== TASK INSTRUCTIONS ==
When a picture appears in the listing, leave it out and copy the rest exactly as it stands.

== STORED DATA ==
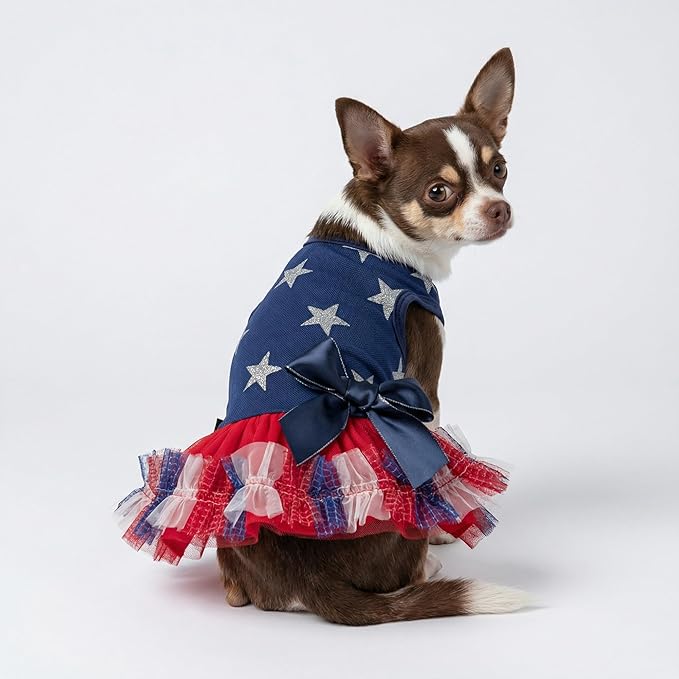Fitwarm Patriotic Sparkly Stars Dog Dress, 4th of July Clothes for Small Dogs Girl, Pet Outfit, Royal Blue, Red, Silver, Large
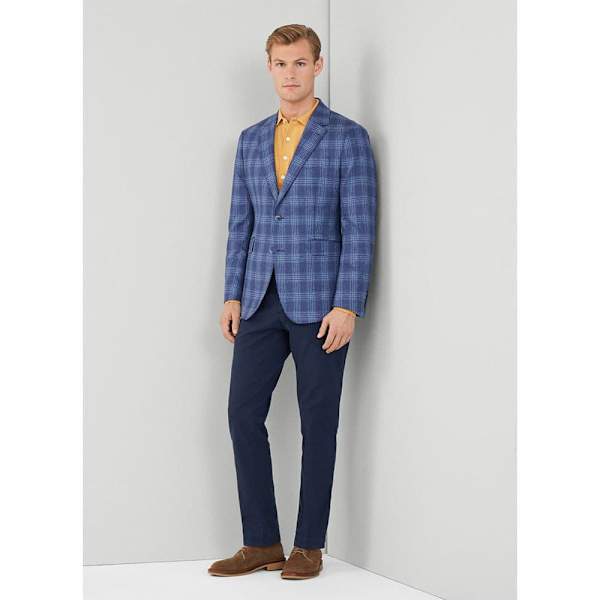 Hackett Blazer Silk Blue Check Blå 38 / R0 Man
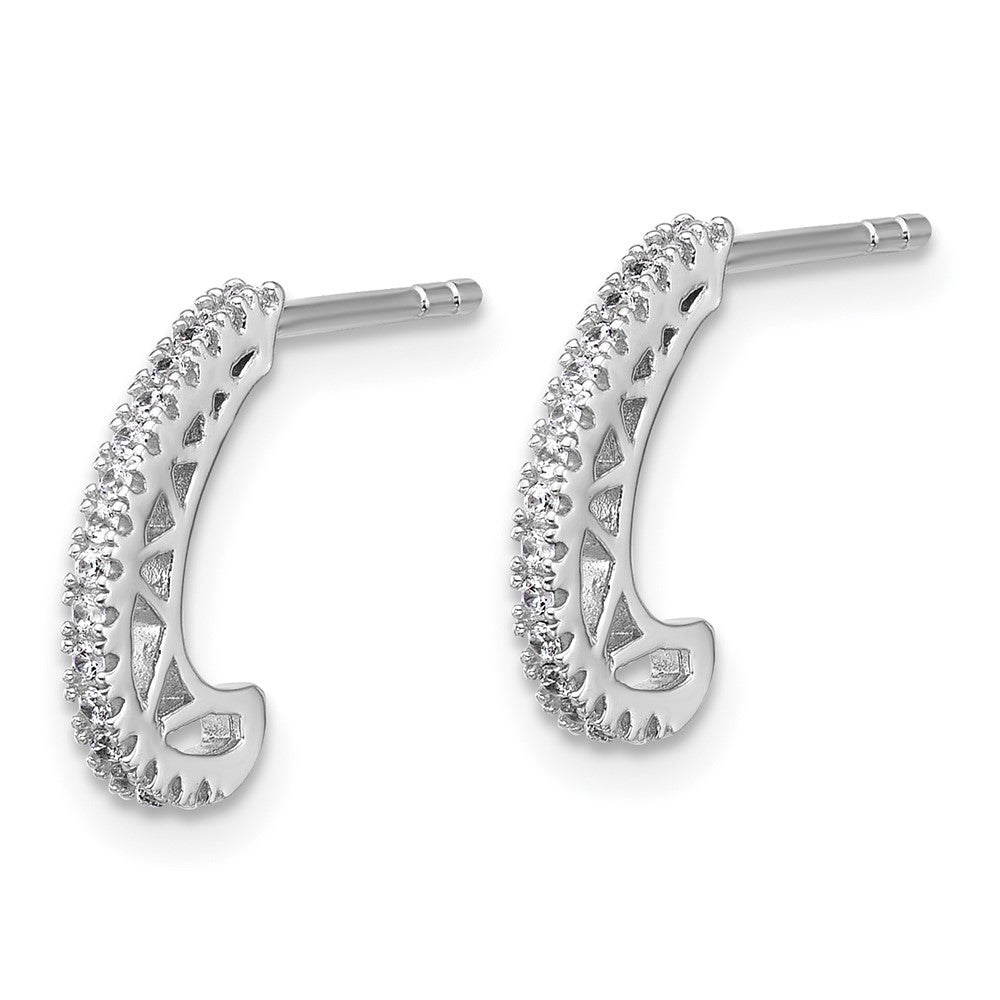 QE18070 Sterling Silver Rhodium-plated CZ Polished J-Hoop Post Earrings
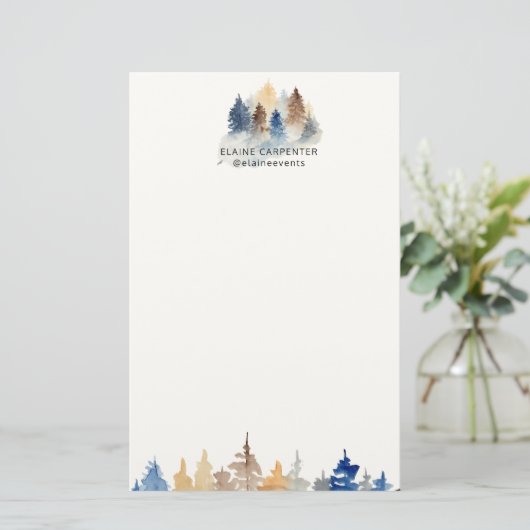 Rustiek Evergreen Trees Monogram Papier Papier (Staand voorkant)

== TASK ANSWER ==
Fitwarm Patriotic Sparkly Stars Dog Dress, 4th of July Clothes for Small Dogs Girl, Pet Outfit, Royal Blue, Red, Silver, Large
 Hackett Blazer Silk Blue Check Blå 38 / R0 Man
 QE18070 Sterling Silver Rhodium-plated CZ Polished J-Hoop Post Earrings
 Rustiek Evergreen Trees Monogram Papier Papier (Staand voorkant)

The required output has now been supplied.